Sicherheit bei der Kombination von Wärme und Wasser
Das Einbauen von Infrarotlampen im Badezimmer oder im Garten ist eine gute Idee – doch für das Elektriksystem stellt dies ein echtes Problem dar. Wasser und Strom vertragen sich nicht miteinander. Durch Dampf und gelegentliche Spritzer kann Feuchtigkeit eindringen, was wiederum zu Kurzschlüssen oder noch schlimmeren Problemen führen kann.
Um Sicherheit zu gewährleisten, konzentrieren wir uns auf drei wichtige Aspekte: die Abdichtung, die verwendeten Materialien sowie die Erdung.
Vermeidung von Wasser eindringen
Auf unseren Heizgeräten finden Sie die Bezeichnung „IP65“. Das bedeutet im Grunde, dass das Gerät staubdicht ist und auch Spritzwasser problemlos aushalten kann. Wir verwenden Silikondichtungen sowie gehärtetes Glas, um alles richtig abzuschließen.

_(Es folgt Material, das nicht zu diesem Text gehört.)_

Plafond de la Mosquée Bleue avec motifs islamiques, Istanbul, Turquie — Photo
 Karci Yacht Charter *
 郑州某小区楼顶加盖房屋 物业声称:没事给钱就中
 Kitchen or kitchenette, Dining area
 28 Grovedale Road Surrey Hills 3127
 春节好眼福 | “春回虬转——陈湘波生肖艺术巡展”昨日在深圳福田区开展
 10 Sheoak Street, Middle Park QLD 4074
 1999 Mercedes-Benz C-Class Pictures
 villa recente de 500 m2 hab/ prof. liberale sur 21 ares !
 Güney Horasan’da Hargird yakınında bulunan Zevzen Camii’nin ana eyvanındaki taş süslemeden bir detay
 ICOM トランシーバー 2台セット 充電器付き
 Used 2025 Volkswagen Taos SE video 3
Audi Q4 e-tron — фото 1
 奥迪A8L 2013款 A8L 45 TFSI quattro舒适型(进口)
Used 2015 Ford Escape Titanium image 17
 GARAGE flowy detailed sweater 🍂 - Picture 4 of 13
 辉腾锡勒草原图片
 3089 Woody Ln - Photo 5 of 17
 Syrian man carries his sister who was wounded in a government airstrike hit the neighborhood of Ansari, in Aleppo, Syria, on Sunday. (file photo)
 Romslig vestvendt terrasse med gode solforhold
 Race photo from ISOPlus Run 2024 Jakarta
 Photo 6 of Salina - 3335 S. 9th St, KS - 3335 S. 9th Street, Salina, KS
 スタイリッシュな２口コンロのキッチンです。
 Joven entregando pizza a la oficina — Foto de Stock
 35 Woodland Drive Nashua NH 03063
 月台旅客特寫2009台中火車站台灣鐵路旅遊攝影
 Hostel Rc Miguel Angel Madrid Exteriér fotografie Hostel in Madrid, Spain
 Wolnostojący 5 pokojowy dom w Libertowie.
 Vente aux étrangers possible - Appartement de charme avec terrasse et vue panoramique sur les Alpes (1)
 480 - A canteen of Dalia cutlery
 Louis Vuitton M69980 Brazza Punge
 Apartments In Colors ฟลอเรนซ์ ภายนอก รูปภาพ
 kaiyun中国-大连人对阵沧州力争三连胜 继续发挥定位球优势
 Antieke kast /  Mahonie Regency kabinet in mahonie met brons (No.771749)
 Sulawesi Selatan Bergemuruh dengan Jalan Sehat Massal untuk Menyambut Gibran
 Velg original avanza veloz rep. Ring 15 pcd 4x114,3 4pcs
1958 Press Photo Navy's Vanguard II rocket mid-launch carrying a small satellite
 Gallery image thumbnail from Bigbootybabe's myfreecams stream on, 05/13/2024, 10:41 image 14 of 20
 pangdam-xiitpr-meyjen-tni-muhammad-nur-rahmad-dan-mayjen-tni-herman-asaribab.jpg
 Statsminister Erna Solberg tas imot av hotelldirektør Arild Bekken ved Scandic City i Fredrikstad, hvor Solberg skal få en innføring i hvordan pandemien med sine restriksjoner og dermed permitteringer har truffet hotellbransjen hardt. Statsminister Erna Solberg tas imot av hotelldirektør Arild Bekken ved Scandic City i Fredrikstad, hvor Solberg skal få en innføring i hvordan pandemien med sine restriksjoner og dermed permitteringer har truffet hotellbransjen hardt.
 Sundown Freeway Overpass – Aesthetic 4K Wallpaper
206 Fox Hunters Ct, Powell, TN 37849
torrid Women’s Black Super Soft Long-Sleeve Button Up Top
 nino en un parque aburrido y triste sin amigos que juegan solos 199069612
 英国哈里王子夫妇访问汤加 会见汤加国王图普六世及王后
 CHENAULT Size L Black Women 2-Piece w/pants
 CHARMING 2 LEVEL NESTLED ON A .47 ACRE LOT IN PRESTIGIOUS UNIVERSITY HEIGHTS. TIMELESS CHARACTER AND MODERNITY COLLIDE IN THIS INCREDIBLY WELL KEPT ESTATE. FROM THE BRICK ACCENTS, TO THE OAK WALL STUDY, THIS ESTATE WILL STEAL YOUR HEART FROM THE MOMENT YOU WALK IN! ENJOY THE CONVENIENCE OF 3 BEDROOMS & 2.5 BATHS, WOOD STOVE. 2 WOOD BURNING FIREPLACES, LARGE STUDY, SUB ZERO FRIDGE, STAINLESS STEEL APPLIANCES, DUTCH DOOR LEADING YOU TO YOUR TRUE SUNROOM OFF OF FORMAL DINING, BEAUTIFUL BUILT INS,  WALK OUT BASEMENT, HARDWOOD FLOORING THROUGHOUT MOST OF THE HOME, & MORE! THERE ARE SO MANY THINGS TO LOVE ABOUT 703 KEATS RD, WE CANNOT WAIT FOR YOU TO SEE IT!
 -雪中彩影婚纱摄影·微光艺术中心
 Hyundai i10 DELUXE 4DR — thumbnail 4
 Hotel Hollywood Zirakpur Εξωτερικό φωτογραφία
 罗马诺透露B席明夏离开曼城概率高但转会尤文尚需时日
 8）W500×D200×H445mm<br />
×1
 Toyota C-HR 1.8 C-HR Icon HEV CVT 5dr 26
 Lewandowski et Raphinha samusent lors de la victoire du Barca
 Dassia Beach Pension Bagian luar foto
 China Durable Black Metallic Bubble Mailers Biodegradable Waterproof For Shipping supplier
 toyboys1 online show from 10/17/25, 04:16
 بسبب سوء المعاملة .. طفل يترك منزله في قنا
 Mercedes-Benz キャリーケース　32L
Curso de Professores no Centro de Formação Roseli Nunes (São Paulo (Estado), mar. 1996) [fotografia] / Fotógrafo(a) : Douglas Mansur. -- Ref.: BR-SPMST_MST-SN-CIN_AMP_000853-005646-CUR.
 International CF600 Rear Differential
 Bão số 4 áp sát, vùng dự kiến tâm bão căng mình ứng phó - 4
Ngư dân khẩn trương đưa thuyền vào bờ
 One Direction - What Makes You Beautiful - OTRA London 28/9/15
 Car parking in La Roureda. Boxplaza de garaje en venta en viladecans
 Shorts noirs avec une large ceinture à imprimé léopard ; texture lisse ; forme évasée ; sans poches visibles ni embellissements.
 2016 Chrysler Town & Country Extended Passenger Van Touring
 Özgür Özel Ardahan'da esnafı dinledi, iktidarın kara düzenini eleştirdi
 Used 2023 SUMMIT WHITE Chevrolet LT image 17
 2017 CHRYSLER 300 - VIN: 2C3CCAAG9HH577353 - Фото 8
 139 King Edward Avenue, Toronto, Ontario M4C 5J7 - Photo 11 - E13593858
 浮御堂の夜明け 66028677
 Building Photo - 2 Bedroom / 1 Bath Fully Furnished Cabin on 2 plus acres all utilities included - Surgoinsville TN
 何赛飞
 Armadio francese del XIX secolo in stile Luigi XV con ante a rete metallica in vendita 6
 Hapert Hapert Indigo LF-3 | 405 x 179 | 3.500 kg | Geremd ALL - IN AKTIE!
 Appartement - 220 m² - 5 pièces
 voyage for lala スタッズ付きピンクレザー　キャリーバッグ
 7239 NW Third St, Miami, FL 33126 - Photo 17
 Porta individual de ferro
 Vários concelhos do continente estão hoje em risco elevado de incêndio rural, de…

Warum ist das wichtig? Denn wenn Feuchtigkeit eindringt, setzt sie sich an den Anschlüssen der Lampe ab. Dadurch kann Strom über die Oberfläche des Isolators fließen. Es handelt sich dabei um einen langsamen Prozess – doch er führt letztendlich zum Versagen des Geräts. Wir sorgen dafür, dass die Toleranzen des Gehäuses so gering sind, dass keine Feuchtigkeit eindringen kann.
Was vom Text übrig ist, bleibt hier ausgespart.